-------- RECORDS FOR THIS EXERCISE
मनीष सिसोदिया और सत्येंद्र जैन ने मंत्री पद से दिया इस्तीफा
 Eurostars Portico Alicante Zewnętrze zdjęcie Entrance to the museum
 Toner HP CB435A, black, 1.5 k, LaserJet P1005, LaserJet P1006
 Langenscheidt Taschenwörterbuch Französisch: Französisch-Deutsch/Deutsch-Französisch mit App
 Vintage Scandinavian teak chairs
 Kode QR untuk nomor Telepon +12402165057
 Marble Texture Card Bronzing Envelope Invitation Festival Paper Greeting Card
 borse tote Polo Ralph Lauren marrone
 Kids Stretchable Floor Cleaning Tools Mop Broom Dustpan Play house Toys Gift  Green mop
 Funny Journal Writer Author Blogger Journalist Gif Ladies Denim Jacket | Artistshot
----------------
**WHAT TO WORK ON:** Reproduce exactly the lines from the beginning of the entries above up to and including the line that contains "Kids Stretchable Floor".

**COMPLETED EXERCISE:**
मनीष सिसोदिया और सत्येंद्र जैन ने मंत्री पद से दिया इस्तीफा
 Eurostars Portico Alicante Zewnętrze zdjęcie Entrance to the museum
 Toner HP CB435A, black, 1.5 k, LaserJet P1005, LaserJet P1006
 Langenscheidt Taschenwörterbuch Französisch: Französisch-Deutsch/Deutsch-Französisch mit App
 Vintage Scandinavian teak chairs
 Kode QR untuk nomor Telepon +12402165057
 Marble Texture Card Bronzing Envelope Invitation Festival Paper Greeting Card
 borse tote Polo Ralph Lauren marrone
 Kids Stretchable Floor Cleaning Tools Mop Broom Dustpan Play house Toys Gift  Green mop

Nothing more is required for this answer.